If you just take libsvm, then for multiclass problems remember that internally there will be several one-vs-one classifications happening. For 4 classes, there will be 6 pairwise classifications for one prediction. The majority vote usually wins. In case of ties in the decision, libsvm by default will always favor the first of these classes. We have incorporated a distance-based approach to avoid ties and such biases but I guess it can still happen depending on how you run your analysis.

Best,
Martin

EDIT: We used to have a distance-based approach in an alpha version but removed it to get the expected behavior by libsvm!

tryto · September 30, 2021, 1:39pm

Thank you Martin for your reply,
This classification has been done with all defaults (cfg = decoding_defaults();). Those two matrixes are the averages across 25 subjects, and down, there is an average accuracy for each classification.

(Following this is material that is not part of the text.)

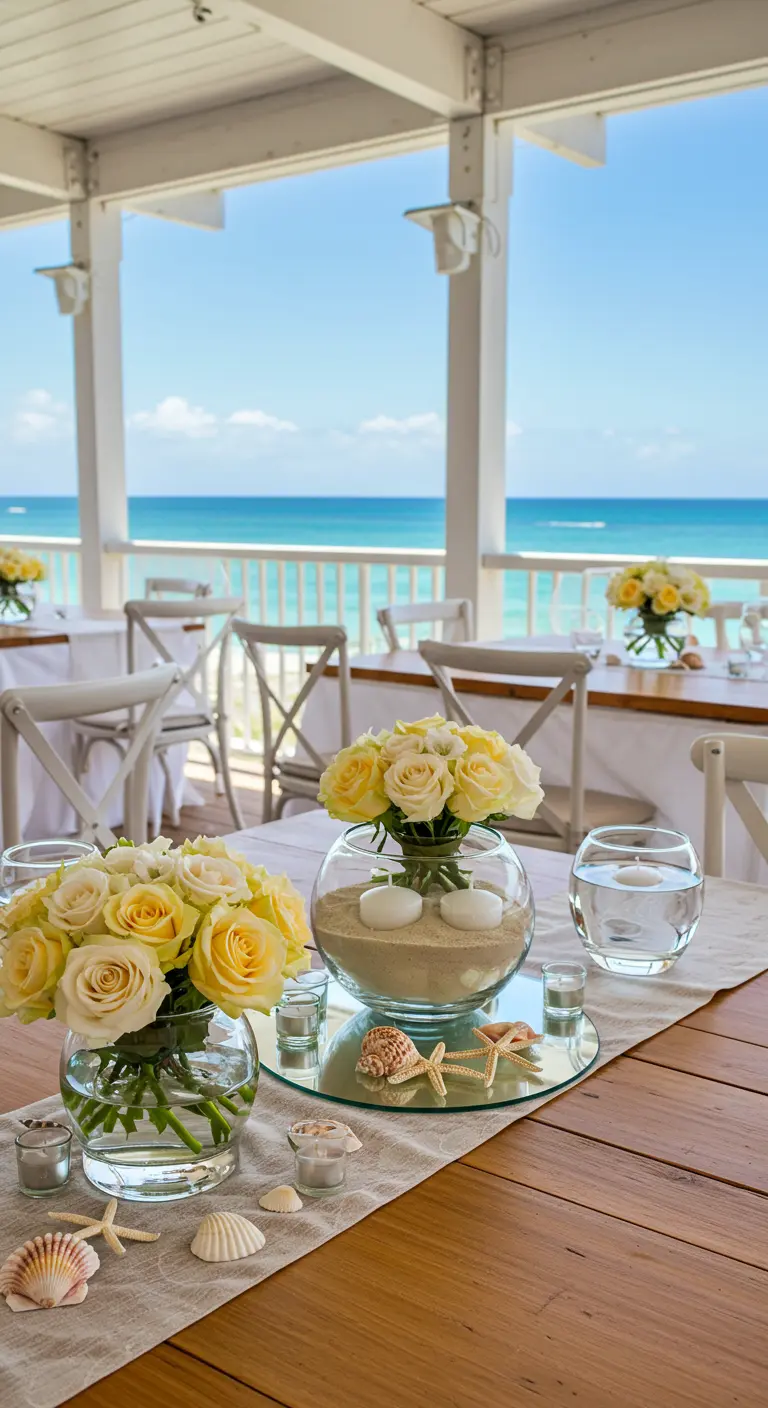 Centre de table de plage avec sable, coquillages et bouquets de roses jaunes et blanches.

My first thought was also that this is due to the fact that it favours the first class. Especially because when I subtracted the second matrix from the first one I saw that the first and second classes are higher and the last two lower.

Do you think that subtracting the difference of those two versions of matrixes from the first one would give me values without the bias?

Martin · October 1, 2021, 3:24pm

I think a (somewhat funny) workaround would be to run all possible combinations of label orders and average the results. This would distribute the bias equally and thus eliminate it.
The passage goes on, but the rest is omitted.